The behavior of curves W^a and W^s for both array structures (Figure 1) was similar. The minimum absorbed and scattered power, in the vicinity of f ~ 12 GHz, had the feature that structure could be applied as a waveguide structure along the axis x (see, Figure 1).

The comparison of the dependencies of W^a and W^s for both polarizations (Figure 2, Figure 3, Figure 6 and Figure 7) showed significant differences in the characteristics. We see that the mentioned dependencies can be increased and decreased in a complex way at different frequency ranges.

4. Conclusions

A new algorithm has been developed and tested for the known, from literature, limit values for our investigated array structures. The algorithm was used for analyses of the absorbed and scattered powers for the arrays consisting of lossy or lossless cylinders. Numerical investigations for two arrays are presented here. The arrays contained the central metamaterial cylinder, with radius R₁ = 4 mm, and thirteen semiconductor cylinders, with radius R₂ = 1 mm. Semiconductor cylinders were located on the semicircle arc with radius R, which was changed in calculations within interval range 6–60 mm. Calculations were carried out in the frequency range 11–16 GHz for the parallel and perpendicular polarized incident microwaves, at three values of semiconductor n-Si specific resistivity (0.5, 2, and 10 Ω∙m).

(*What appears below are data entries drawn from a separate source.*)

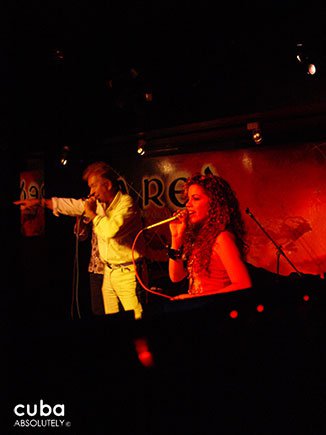 woman singing at La red club inh Vedado © Cuba Absolutely, 2014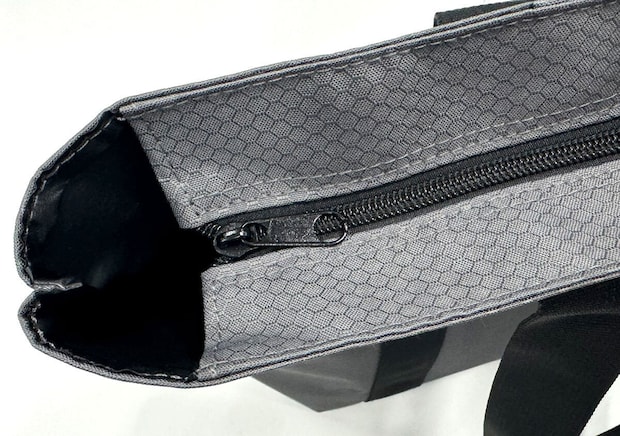 宝島社 雑誌付録 モノマックス3月号 コールマン 10大機能トートバッグ 宝島社雑誌付録のモノマックス3月号のコールマンの10大機能トートバッグ5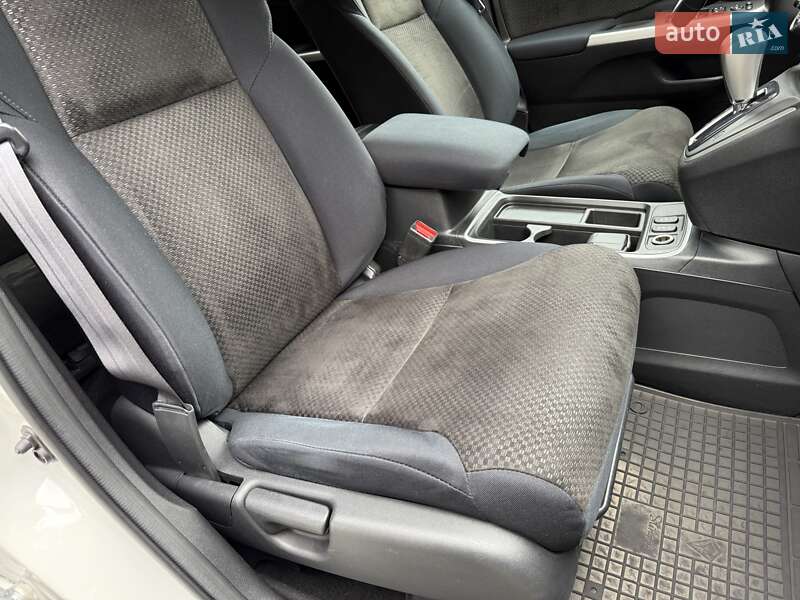 Внедорожник / Кроссовер Honda CR-V 2016 в Виннице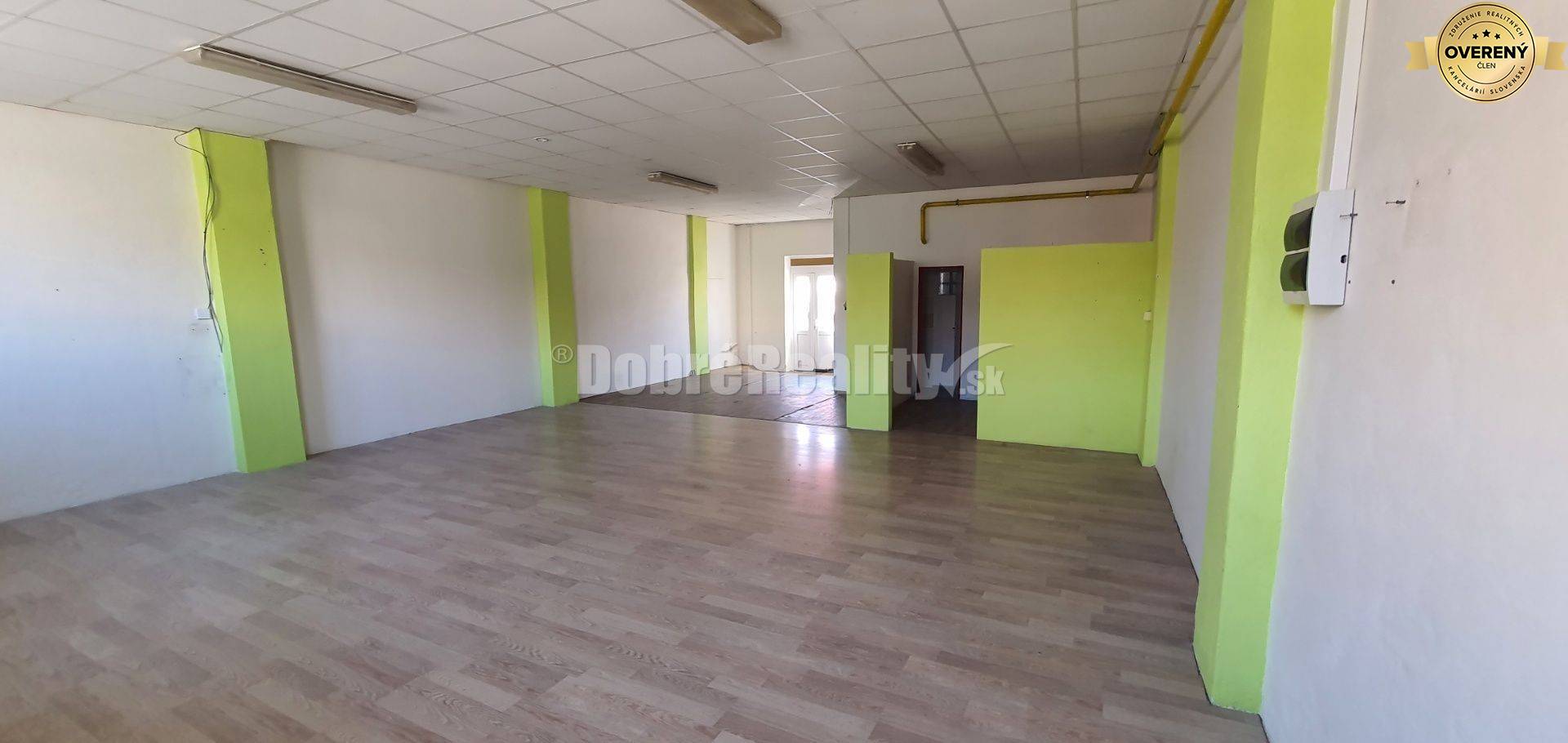 DOBRÉ REALITY Vám ponúkajú na prenájom obchodný priestor v spoločnom a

We found resonance maximum values (peaks) of absorbed and scattered powers at different frequencies. These peaks had different amplitudes. These resonance values of powers arose due to the dimensional resonance in our investigated structures. These resonances were mostly dependent on the cylinder radius and the distances between cylinders. Numerical analysis of the total absorbed and scattered powers indicates that the arrays may have properties of a waveguide or a reflector. These properties were determined mainly by the distance between the metamaterial and semiconductor cylinders, at the fixed sizes of the cylinders. The maximum absorption and reflection properties of the arrays appeared in approximately the same frequency ranges. The absorption and scattering effects were poorly manifested for a microwave with the perpendicular polarization. The powers were highly dependent on the semiconductor specific resistivity, at some frequency intervals, only if an incident microwave had the parallel polarization. This fact can be used to control the absorbed and scattered powers’ value by way of changing the semiconductor specific resistivity. As it is known, the semiconductor specific resistivity can be changed under the influence of light (and/or heat). Consequently, controlled microwave devices can be created on the basis of the phenomenon.